Wild Ways: A Fifth Ecology for Metropolitan Los Angeles
Playing off Reyner Banham’s classic Los Angeles: The Architecture of Four Ecologies, the studio will explore themes of connectivity, resilience and landscape infrastructure under the twin challenges of climate change and biodiversity loss in the Anthropocene. The work will interrogate and explore what a system of landscape infrastructure for connectivity across Southern California’s biodiversity hotspots might look like—in the face of growing urbanization and climate change. Proposals will embrace regional networks of wildlife crossings that are generated from the primary lenses of different endangered species; that layer in humans as both users and audience (on/in the crossings versus driving underneath or over them); and that account for intensifying threats of wildfire. The goal is to invent the basis for a new metropolitan ecology—a mix of culture, geography, environment, and lifestyle (in Banham’s terms)—adapted to a rapidly evolving and warming climate.

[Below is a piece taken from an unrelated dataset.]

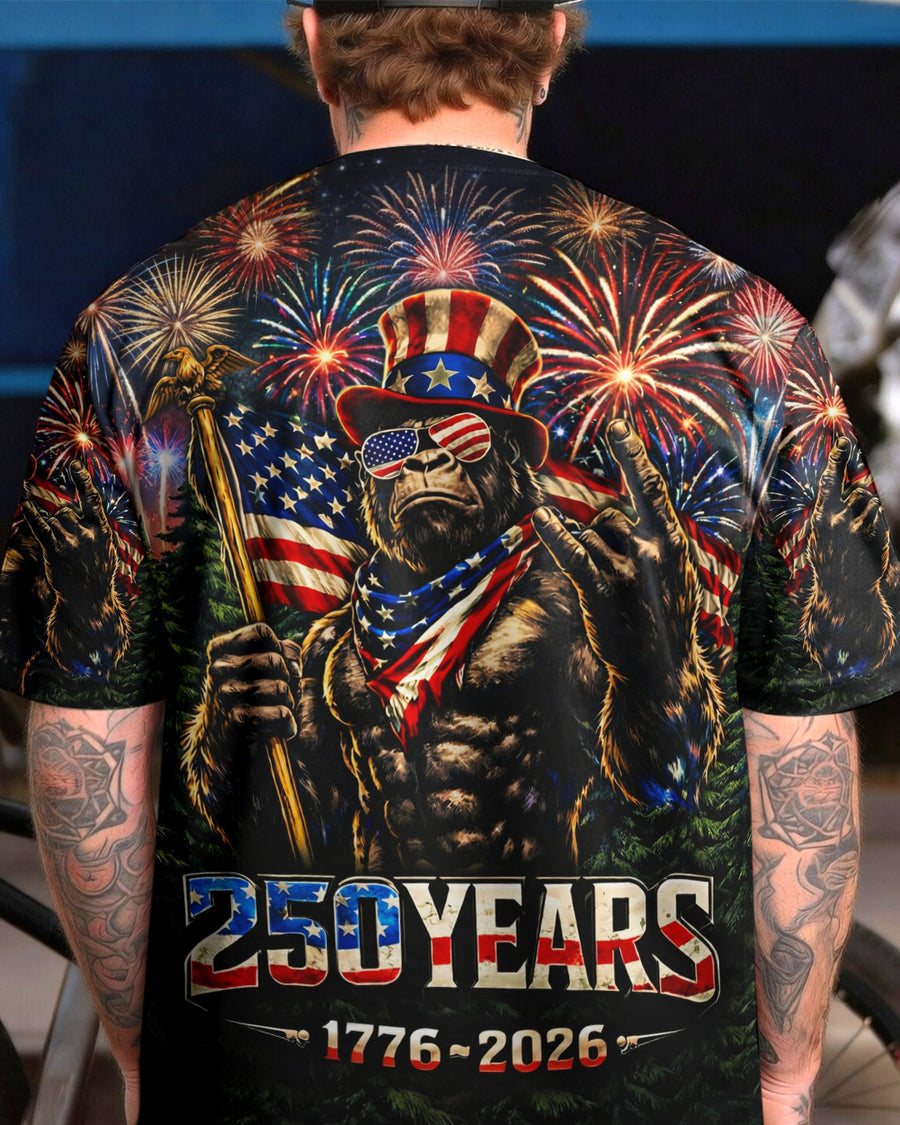 BIGFOOT FIREWORK STARS AND STRIPES ALL OVER PRINT SHIRT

The studio will be jointly sponsored by Arc Solutions, “an interdisciplinary partnership working to facilitate new thinking, new methods, new materials and new solutions for wildlife crossing structures” (their words), and the National Wildlife Federation. The work will be used in part to demonstrate to public agencies and organizations across the North American continent the ways in which multifunctional landscape infrastructures can be imagined to re-knit ecosystems and communities in compelling ways.